Use a piping bag fitted with a large round or star tip for a classic look, and pipe concentric circles from the center outward. This technique creates a thick, even layer of frosting that looks just as good as it tastes.
Final Thoughts
This Honey Butter Cornbread Cookies Recipe is such a joyful treat to bake and share. It captures the comfort of classic cornbread and transforms it into a cookie that’s rich, sweet, and irresistibly soft. Whether for a special occasion or a cozy afternoon snack, these cookies will brighten anyone’s day. Give this recipe a try and watch it quickly become your new favorite go-to dessert!
Print
Honey Butter Cornbread Cookies Recipe
- Prep Time: 40 minutes
- Cook Time: 10 minutes
- Total Time: 50 minutes
- Yield: 24 cookies
- Category: Dessert
- Method: Baking
- Cuisine: American
Description
This Honey Butter Cornbread Cookies recipe creates soft, sweet, and crumbly cornmeal cookies topped with a rich honey buttercream frosting.
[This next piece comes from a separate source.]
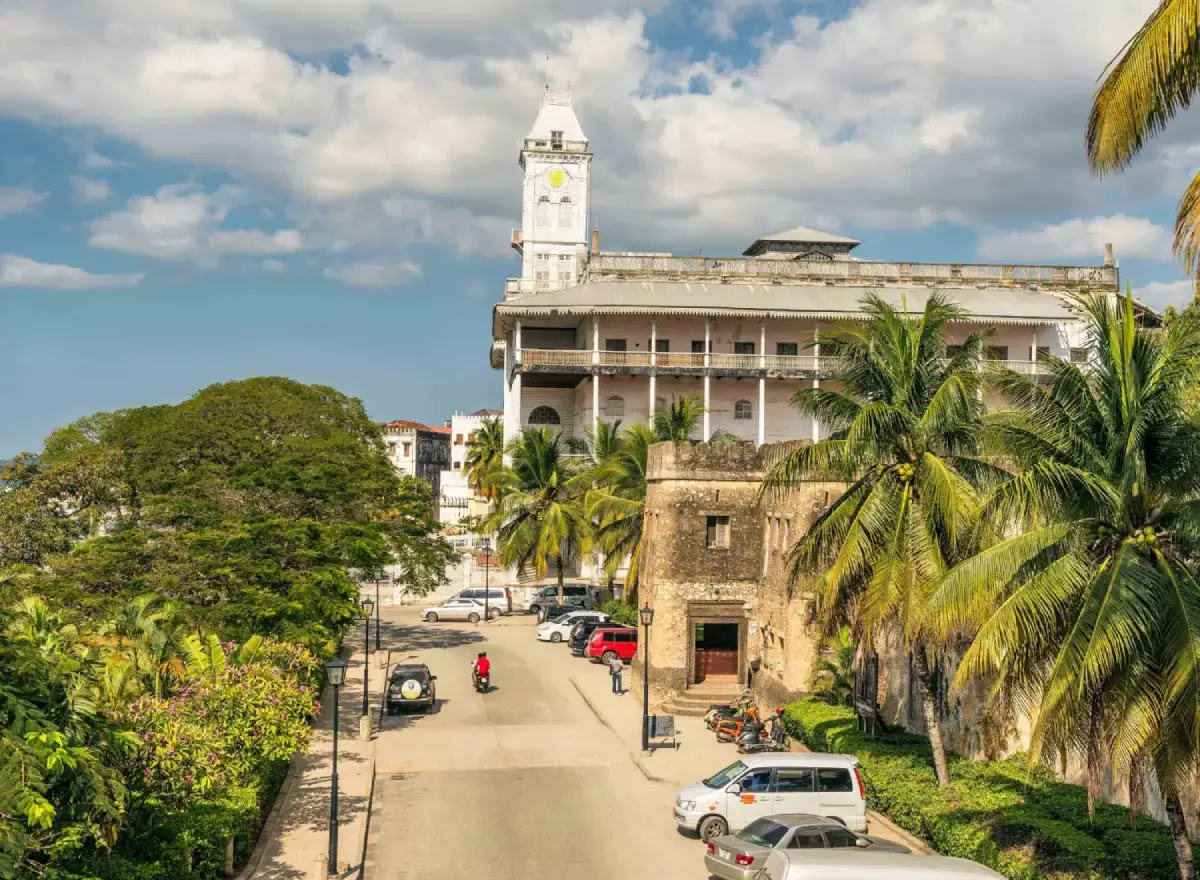 Tembo House Hotel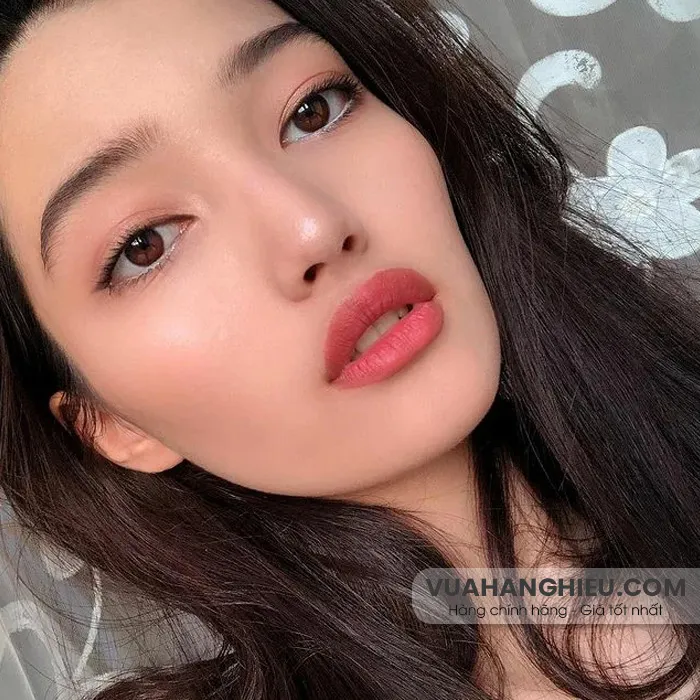 Cách đánh son cho môi mỏng trở nên căng mọng, quyến rũ  - 1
Inspired by the popular Crumbl cornbread cookies, these homemade treats combine wholesome ingredients to deliver a delightful balance of sweet and buttery flavors in every bite.
Ingredients
For the Cornbread Cookies –
- ¾ cup granulated sugar
- ¾ cup light brown sugar
- ½ cup unsalted butter, softened
- ½ cup shortening
- 2 large eggs
- 3 tablespoons honey
- 2 teaspoons vanilla extract
- 1 teaspoon baking powder
- 1 teaspoon salt
- 1 cup cornmeal (medium or fine ground)
- 3 cups all-purpose flour or cake flour
For the Honey Butter Frosting –
- 3 cups powdered sugar
- 1 cup butter
- 2 tablespoons honey
- 2 tablespoons heavy cream
Instructions
- Preheat the oven: Preheat your oven to 350°F (175°C). Line several baking sheets with parchment paper to prepare for baking the cookies.
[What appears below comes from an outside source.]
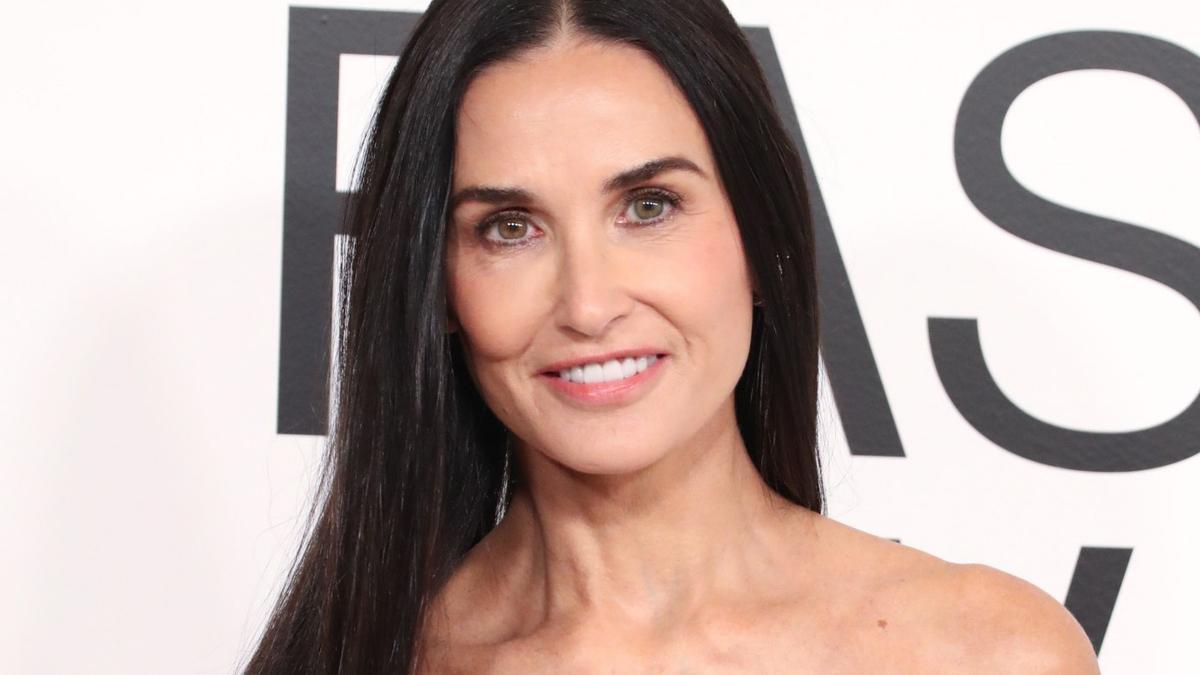 Demi Moore demuestra que lucir una melena XL a partir de los 60 es la tendencia más arriesgada de la primavera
- Mix the fats and sugars: In an electric stand mixer bowl, combine granulated sugar, brown sugar, softened butter, and shortening. Beat on high speed for 3 to 5 minutes until the mixture is light and fluffy. Scrape down the sides of the bowl with a rubber spatula.
- Add eggs and flavorings: Turn the mixer to low and add the eggs, honey, vanilla extract, baking powder, and salt to the creamed mixture. Mix until combined, scraping the bowl again to incorporate all ingredients.
- Incorporate dry ingredients: Mix in the cornmeal first, then gradually add the flour one cup at a time. Continue mixing until the cookie dough is smooth and fully combined. Turn off the mixer once done.
- Portion the dough: Using a large 3-tablespoon cookie scoop, portion equal mounds of dough onto the prepared baking sheets, spacing them about 3 inches apart to allow room for spreading.
- Bake the cookies: Place the baking sheets in the preheated oven and bake the cookies for 10 to 12 minutes. They are done when the centers are puffed and the edges turn lightly golden. Remove the sheets and allow cookies to cool completely on the pans.
- Prepare the honey butter frosting: While the cookies cool, combine powdered sugar, butter, honey, and heavy cream in a clean mixing bowl. Mix on low speed until ingredients are roughly blended, then increase speed to high and beat until the frosting is very smooth and fluffy.
- Frost the cookies: Transfer the frosting to a piping bag fitted with a large tip. Once cookies have cooled completely, pipe the frosting on top of each cookie. Alternatively, use a spatula to spread the frosting evenly over each cookie.
- Set the frosting and store: Let the frosted cookies rest for at least 30 minutes so the frosting sets slightly. Store finished cookies in an airtight container until ready to serve.
Notes
- For best results, use either medium or fine ground cornmeal for a smoother texture in the cookies.
- Softened butter and shortening ensure the cookies have a tender crumb and moist texture.
- Spacing cookies 3 inches apart helps prevent them from spreading into each other during baking.
- The frosting sets best if cookies are completely cool before applying.
- Store cookies at room temperature in an airtight container for up to 3 days, or refrigerate for longer freshness.